During anesthesia (general anesthesia), you will lose consciousness and any feeling of pain throughout your body. You will be in a state similar to deep sleep during the entire duration of the operation. A combination of various medications is used for anesthesia, usually beginning with the venous drip or an infusion cannula. Later on it may also be administered via the airway. In longer operations, after you fall asleep a tube will be inserted into your windpipe (tube) or into your throat (laryngeal mask) to secure your breathing. The tube in particular guarantees a high level of safety. It divides the airway from the food passage, and thus prevents saliva, stomach acid, or contents of the stomach from getting into the lungs (aspiration).
Thanks to modern anesthetic techniques and new medications, you will be awake in only a few minutes after the end of the operation. It is possible that for some time you will feel tired or somewhat numb. Should you feel nauseous or feel pain, please tell us. We are there for you, and we keep appropriate antidotes available.
In spinal anesthesia, a numbing material is sprayed into the spinal cord space, which is filled with spinal fluid (approx. 10 cm below the spinal cord). After local numbing, the anesthetist inserts a thin needle into your back. When the spinal fluid space is reached, a small amount of the numbing material is injected. In this way the sensation of pain in the legs and the lower abdomen is prevented. The legs become temporarily without feeling and lame. The regulating ability of the blood circulation is also impaired.
However, you will not lose consciousness, but stay awake. For outpatient anesthesia, we recommend this procedure only in exceptional cases.
In plexus anesthesia, the hand, the arm, (and if applicable the shoulder) are temporarily numbed. You will remain awake, but will feel no pain. If you are disturbed by the atmosphere in the operating room or by noise and would rather sleep, this is possible by inducing a twilight sleep using a sleeping pill. Alternatively, you can ask for headphones with your favorite music. The numbing material (local anesthetic) in plexus anesthesia is usually sprayed into the armpit (in shoulder operations, into the neck). It then takes about 30 minutes to take effect. Afterwards, the arm loses feeling and is generally relaxed. As a rule, this situation lasts for 4 hours or longer. During this period, you will remain under our monitoring. Then you may leave the office with a companion.
Other procedures of local anesthesia
These include in particular IV local anesthesia, peridural anesthesia, and nerve block anesthesia of various nerves. Since these are not used as frequently as the other procedures, they will not be discussed in detail here. In each individual case, the anesthesiologist will discuss with you the procedure that he suggests or will ask you about it.

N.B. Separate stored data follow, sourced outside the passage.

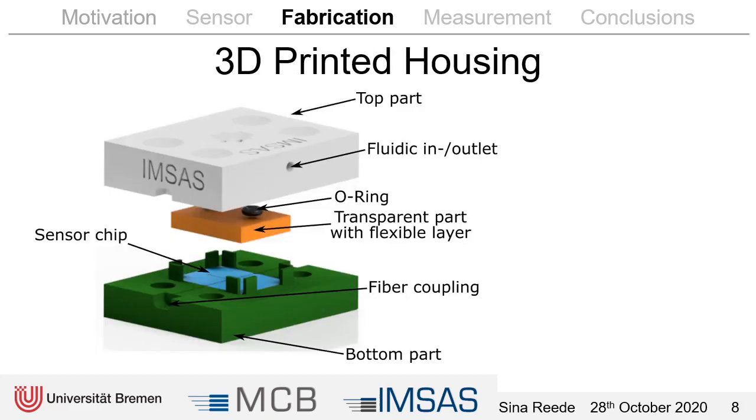The housing consists of three 3D printed parts. In the bottom part we put in the sensor chip and then the fibers. On top of that we put another 3D printed part that is transparent and has a flexible layer at the bottom side to seal the channel. This part has two holes for the inlet and outlet, and the inlet and outlet are sealed to the top part by o-rings. In the top part we have a look-through window in the middle so that we can observe what happens in the channel, and the inlet and outlet are on the sides where we can glue in some tubes.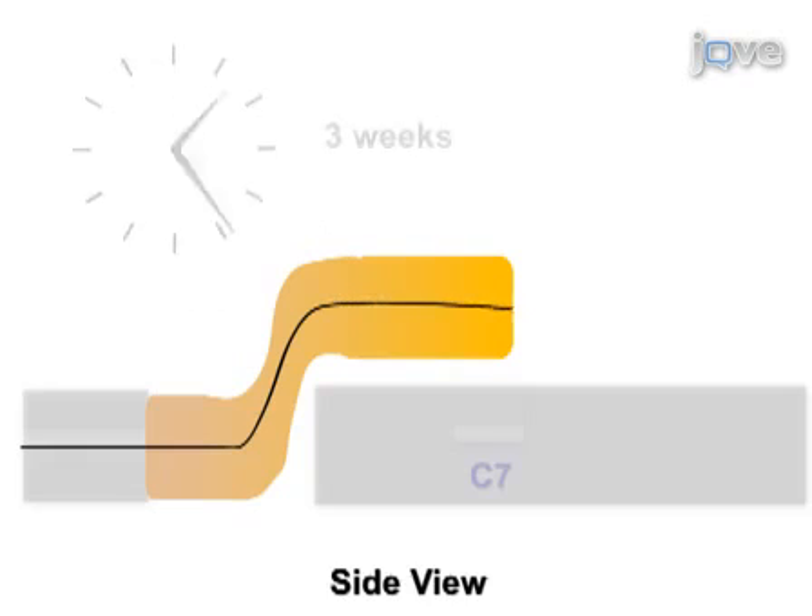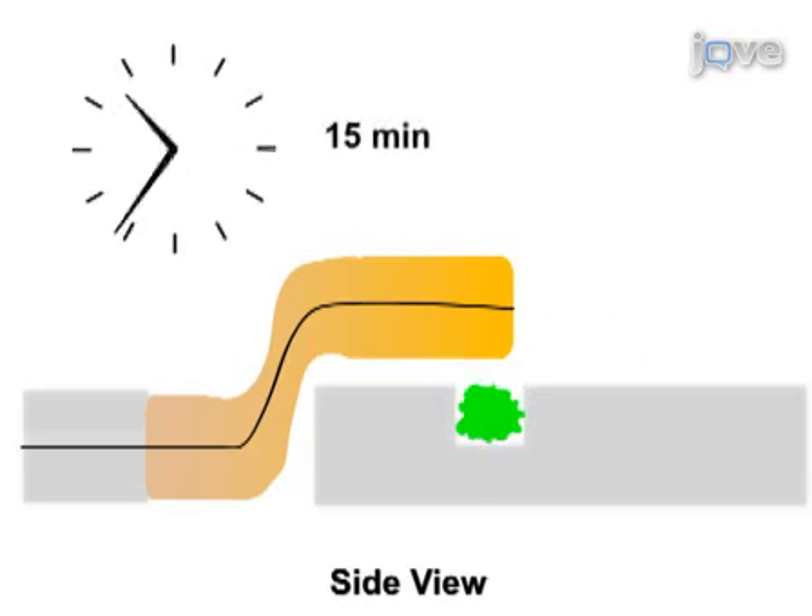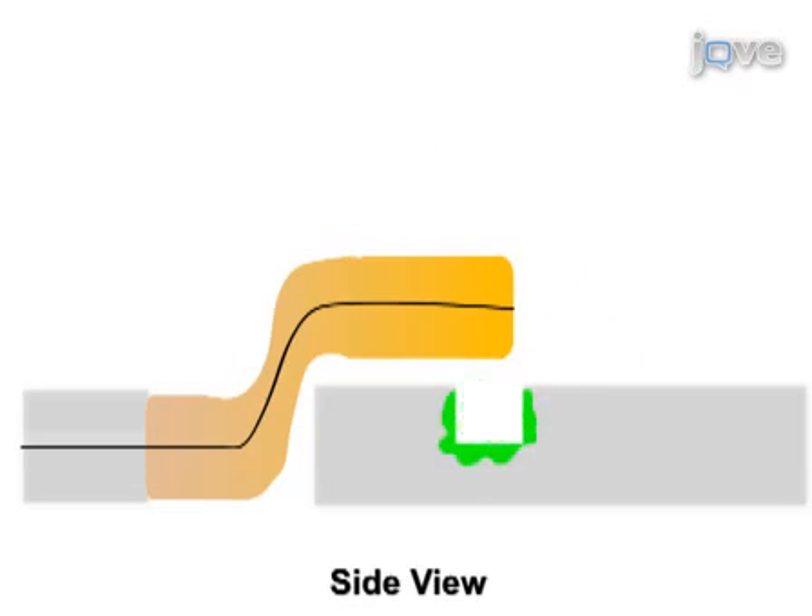Three weeks later, a dorsal quadrant lesion is made at C7. Gel foam saturated with CHABC is placed into the cavity for 15 minutes to digest proteoglycans of the glial scar. Two days later, CHABC is microinjected adjacent to the lesion site, and the distal end of the PNG is opposed to the dorsal quadrant lesion.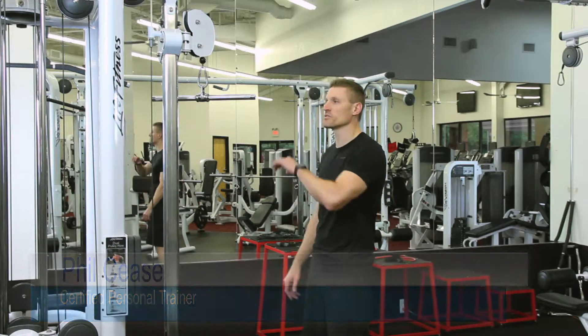Hi, I'm Phil Cease, your certified personal trainer. What we're going to do here now is a lat cable pulldown.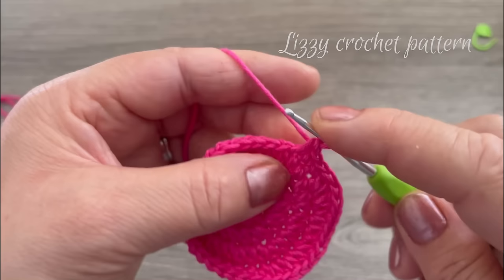Now we're going to start making the leaves. Make a slip knot on the hook and chain 13 — count one through thirteen. Beginning in the second chain from the hook, make one single crochet, one half double crochet in the next stitch, one double crochet in the next stitch. So we have: single crochet, half double crochet, and double crochet.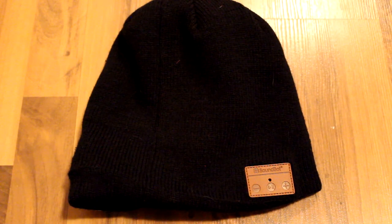Overall this is an excellent product — it's comfortable, the sound quality is good, and it's easy to use. If you want to check one out, I'll leave a link in the description below. Thanks to SoundBot for sending this out to review. That's all for now, have a nice day and see you guys later.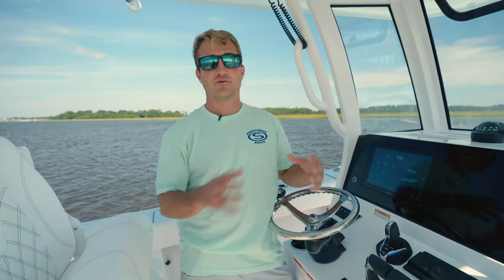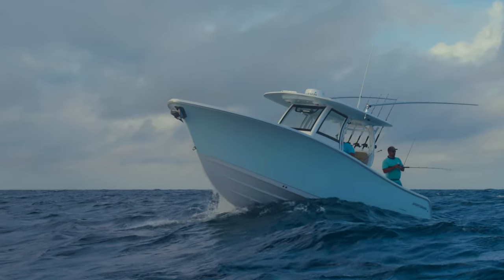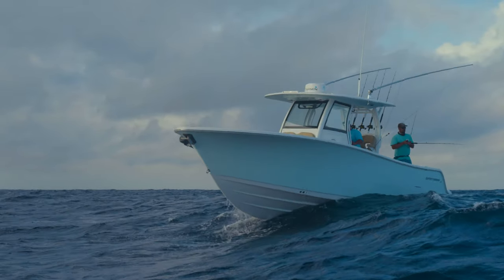The Open 262 is the first model where we've offered both the Seakeeper Ride and the Seakeeper Gyro system. The Seakeeper Ride simply replaces your trim tabs on the boat. If you'd like to see more details on this, you can click below in the description menu. The Seakeeper Gyro is what everyone's more familiar with — that's the original device that Seakeeper came out with, and it is good for when you're offshore trolling at slow speeds or sitting still bottom fishing.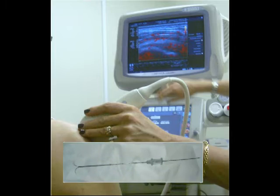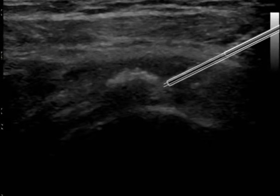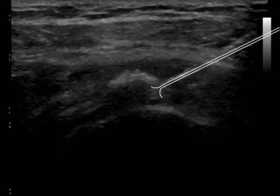After an interscalene block and under sterile conditions, we can use ultrasound to put a breast biopsy needle into that calcific material. This is very helpful for identifying where it is.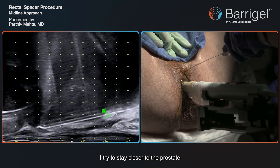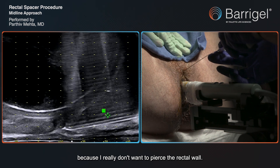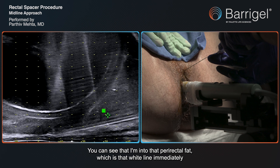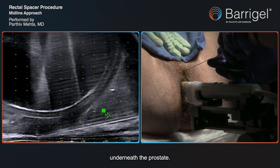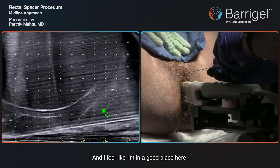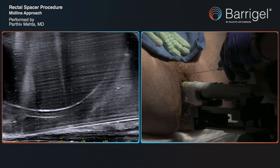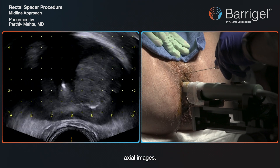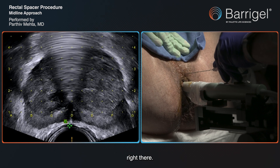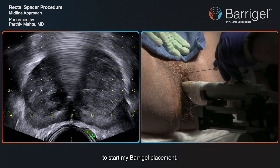I try to stay closer to the prostate because I really don't want to pierce the rectal wall, so I just kind of hug the posterior aspect of the prostate. You can see that I'm into that perirectal fat, which is that white line immediately underneath the prostate. I feel like I'm in a good place here, and we can verify that by going to our axial images. You can see my needle tip right there, and I'm not into the rectal wall, which means I'm in a reasonable place to start my BaríGel placement.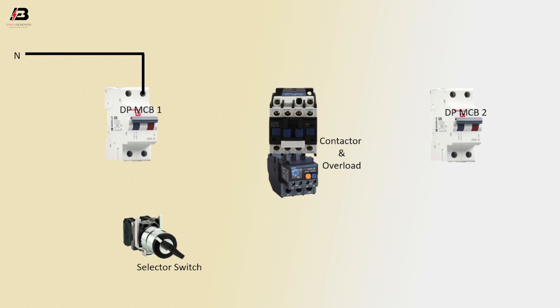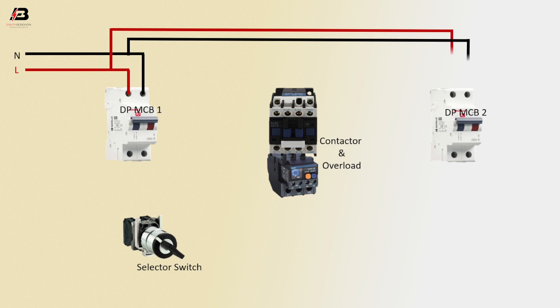Neutral connection input to double pole MCB1. Phase connection input to double pole MCB1. Phase and neutral connection from double pole MCB1 to double pole MCB2.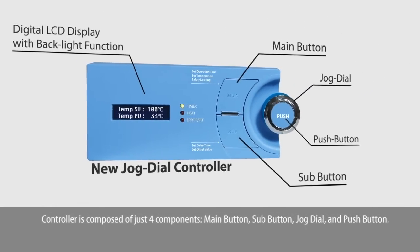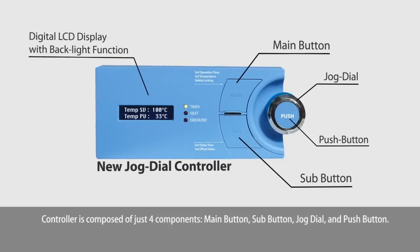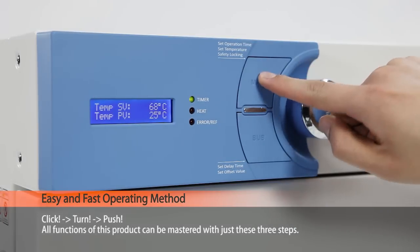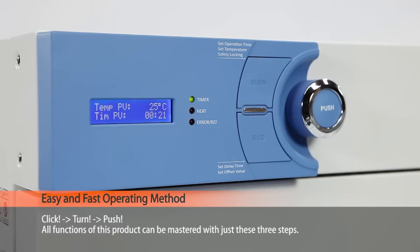The controller is composed of just four components: the main button, sub button, jog dial, and push button. Click, turn, and push — all functions of this product can be mastered with just three steps.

Constant care and very close monitoring by your anesthesiologist have significantly reduced the risk of serious incidents. The risk of serious complications today in many cases is no greater than the risk involved in daily activities at home or in traffic on the street. However, specific existing diseases, old age, or other circumstances may increase the individual risk. Please discuss your personal risk with the anesthesiologist.